**Task goal:** One part of the entries below is wanted: the lines from the one containing "Men's Casual Cotton" through the one containing "Звукова плата Vention". Write those out exactly and nothing else.

++++ Provided data ++++

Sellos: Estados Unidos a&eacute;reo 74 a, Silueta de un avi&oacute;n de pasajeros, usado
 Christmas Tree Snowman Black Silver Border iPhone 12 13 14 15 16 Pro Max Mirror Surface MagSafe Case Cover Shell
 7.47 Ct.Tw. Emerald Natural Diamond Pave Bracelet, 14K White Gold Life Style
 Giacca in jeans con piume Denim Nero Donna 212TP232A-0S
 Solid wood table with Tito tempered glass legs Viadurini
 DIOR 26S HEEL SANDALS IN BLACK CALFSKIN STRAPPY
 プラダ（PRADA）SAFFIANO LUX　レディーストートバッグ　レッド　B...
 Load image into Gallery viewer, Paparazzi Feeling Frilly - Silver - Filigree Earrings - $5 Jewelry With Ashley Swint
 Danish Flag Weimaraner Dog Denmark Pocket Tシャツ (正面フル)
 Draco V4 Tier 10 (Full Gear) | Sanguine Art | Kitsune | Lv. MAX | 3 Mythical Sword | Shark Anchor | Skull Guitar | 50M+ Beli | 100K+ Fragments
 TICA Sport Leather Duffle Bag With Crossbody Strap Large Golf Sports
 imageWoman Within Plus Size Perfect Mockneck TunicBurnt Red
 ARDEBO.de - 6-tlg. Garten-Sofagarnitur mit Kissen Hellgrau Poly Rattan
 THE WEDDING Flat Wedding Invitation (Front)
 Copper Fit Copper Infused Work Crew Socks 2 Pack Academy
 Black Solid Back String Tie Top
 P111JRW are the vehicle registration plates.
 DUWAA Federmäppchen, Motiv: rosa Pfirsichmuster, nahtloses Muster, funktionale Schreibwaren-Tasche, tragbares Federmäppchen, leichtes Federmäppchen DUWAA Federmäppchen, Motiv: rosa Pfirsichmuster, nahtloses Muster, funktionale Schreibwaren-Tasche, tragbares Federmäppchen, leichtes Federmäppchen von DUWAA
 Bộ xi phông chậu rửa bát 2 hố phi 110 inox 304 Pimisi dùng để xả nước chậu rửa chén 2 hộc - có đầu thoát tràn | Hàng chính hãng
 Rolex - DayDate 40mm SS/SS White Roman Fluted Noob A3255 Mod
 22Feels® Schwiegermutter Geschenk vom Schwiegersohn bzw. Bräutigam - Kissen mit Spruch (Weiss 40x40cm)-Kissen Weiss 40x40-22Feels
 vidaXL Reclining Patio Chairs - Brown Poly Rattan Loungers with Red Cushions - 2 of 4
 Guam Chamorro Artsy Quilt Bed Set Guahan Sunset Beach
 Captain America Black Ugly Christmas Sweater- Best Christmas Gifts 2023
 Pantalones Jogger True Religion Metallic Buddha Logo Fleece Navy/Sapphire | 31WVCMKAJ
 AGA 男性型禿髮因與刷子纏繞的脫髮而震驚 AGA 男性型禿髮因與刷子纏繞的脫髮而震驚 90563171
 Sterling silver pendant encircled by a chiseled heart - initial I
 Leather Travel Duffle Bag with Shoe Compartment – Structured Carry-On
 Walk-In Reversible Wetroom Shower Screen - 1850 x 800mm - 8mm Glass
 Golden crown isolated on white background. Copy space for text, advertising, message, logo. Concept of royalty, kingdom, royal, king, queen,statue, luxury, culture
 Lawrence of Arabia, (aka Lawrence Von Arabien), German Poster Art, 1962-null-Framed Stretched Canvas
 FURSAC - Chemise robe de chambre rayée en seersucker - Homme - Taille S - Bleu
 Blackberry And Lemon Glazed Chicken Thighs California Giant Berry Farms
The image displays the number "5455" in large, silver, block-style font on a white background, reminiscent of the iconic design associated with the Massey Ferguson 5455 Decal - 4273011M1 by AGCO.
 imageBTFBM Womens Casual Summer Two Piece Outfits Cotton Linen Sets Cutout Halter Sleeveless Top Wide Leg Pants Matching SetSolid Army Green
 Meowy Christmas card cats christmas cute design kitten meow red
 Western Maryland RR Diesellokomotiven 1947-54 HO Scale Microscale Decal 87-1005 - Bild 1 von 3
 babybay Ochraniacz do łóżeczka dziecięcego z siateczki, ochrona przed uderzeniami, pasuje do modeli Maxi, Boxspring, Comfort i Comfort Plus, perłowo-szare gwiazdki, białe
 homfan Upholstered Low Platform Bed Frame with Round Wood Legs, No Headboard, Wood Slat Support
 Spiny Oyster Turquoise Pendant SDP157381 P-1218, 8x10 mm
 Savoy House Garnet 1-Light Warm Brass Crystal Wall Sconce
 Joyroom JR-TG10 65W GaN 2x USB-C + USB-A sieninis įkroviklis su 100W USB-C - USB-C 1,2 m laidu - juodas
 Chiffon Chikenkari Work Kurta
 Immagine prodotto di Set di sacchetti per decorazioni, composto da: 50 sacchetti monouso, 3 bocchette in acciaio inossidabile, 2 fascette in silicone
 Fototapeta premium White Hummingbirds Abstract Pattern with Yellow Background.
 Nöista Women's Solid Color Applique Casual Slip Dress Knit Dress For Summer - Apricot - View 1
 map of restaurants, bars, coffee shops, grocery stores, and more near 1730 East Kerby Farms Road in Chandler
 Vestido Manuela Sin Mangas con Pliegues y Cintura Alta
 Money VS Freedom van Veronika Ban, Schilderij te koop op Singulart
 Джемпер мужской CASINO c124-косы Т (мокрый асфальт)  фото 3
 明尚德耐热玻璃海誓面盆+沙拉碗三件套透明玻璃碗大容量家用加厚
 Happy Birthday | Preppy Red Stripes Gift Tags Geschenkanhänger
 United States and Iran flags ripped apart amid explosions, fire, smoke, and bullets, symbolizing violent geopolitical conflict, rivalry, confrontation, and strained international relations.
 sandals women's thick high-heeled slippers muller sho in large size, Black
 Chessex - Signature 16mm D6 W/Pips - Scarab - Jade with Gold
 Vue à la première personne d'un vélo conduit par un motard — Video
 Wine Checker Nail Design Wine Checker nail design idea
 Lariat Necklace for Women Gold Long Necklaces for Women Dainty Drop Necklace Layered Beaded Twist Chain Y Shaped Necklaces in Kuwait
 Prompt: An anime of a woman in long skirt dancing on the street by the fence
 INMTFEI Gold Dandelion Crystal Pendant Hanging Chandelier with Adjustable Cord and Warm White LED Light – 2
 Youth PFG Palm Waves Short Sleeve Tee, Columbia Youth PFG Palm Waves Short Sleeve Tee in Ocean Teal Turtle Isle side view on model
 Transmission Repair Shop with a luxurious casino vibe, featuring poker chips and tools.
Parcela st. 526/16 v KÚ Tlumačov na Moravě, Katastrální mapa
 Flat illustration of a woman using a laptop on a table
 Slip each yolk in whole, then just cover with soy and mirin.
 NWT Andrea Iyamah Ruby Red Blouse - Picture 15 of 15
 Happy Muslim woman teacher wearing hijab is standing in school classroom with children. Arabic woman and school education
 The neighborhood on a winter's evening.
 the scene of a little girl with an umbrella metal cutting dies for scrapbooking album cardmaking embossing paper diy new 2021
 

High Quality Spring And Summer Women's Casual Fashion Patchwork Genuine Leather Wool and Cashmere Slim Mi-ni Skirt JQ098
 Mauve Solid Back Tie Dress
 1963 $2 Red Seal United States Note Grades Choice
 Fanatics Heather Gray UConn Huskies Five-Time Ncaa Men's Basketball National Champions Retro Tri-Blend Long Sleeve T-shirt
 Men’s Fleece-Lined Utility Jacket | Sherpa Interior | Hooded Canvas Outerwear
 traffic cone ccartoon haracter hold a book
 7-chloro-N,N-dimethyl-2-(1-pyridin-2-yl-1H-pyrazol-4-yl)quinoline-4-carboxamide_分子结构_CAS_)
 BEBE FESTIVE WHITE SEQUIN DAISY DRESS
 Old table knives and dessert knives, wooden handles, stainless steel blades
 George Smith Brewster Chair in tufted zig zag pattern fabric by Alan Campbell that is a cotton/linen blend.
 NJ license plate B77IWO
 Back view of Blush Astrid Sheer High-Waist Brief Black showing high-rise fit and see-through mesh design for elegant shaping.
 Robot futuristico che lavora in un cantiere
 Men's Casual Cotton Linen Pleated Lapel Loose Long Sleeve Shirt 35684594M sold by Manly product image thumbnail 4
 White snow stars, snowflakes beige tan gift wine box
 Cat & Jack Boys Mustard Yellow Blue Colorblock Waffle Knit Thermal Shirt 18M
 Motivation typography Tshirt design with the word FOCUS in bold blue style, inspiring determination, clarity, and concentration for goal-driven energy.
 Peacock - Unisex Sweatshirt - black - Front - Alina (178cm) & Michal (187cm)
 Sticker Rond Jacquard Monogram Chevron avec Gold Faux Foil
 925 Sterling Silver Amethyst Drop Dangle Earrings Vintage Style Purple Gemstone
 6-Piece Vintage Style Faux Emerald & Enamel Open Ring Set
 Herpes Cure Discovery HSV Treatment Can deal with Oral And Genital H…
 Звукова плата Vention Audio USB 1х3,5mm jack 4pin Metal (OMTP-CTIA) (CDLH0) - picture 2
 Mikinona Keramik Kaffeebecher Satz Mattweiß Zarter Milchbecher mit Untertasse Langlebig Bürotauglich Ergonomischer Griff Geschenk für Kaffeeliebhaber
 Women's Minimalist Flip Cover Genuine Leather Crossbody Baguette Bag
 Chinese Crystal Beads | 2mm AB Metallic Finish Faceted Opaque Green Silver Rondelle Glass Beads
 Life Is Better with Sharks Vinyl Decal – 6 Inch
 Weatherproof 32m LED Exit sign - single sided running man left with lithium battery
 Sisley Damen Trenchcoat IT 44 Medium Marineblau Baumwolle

++++

**Answer space:**
 Men's Casual Cotton Linen Pleated Lapel Loose Long Sleeve Shirt 35684594M sold by Manly product image thumbnail 4
 White snow stars, snowflakes beige tan gift wine box
 Cat & Jack Boys Mustard Yellow Blue Colorblock Waffle Knit Thermal Shirt 18M
 Motivation typography Tshirt design with the word FOCUS in bold blue style, inspiring determination, clarity, and concentration for goal-driven energy.
 Peacock - Unisex Sweatshirt - black - Front - Alina (178cm) & Michal (187cm)
 Sticker Rond Jacquard Monogram Chevron avec Gold Faux Foil
 925 Sterling Silver Amethyst Drop Dangle Earrings Vintage Style Purple Gemstone
 6-Piece Vintage Style Faux Emerald & Enamel Open Ring Set
 Herpes Cure Discovery HSV Treatment Can deal with Oral And Genital H…
 Звукова плата Vention Audio USB 1х3,5mm jack 4pin Metal (OMTP-CTIA) (CDLH0) - picture 2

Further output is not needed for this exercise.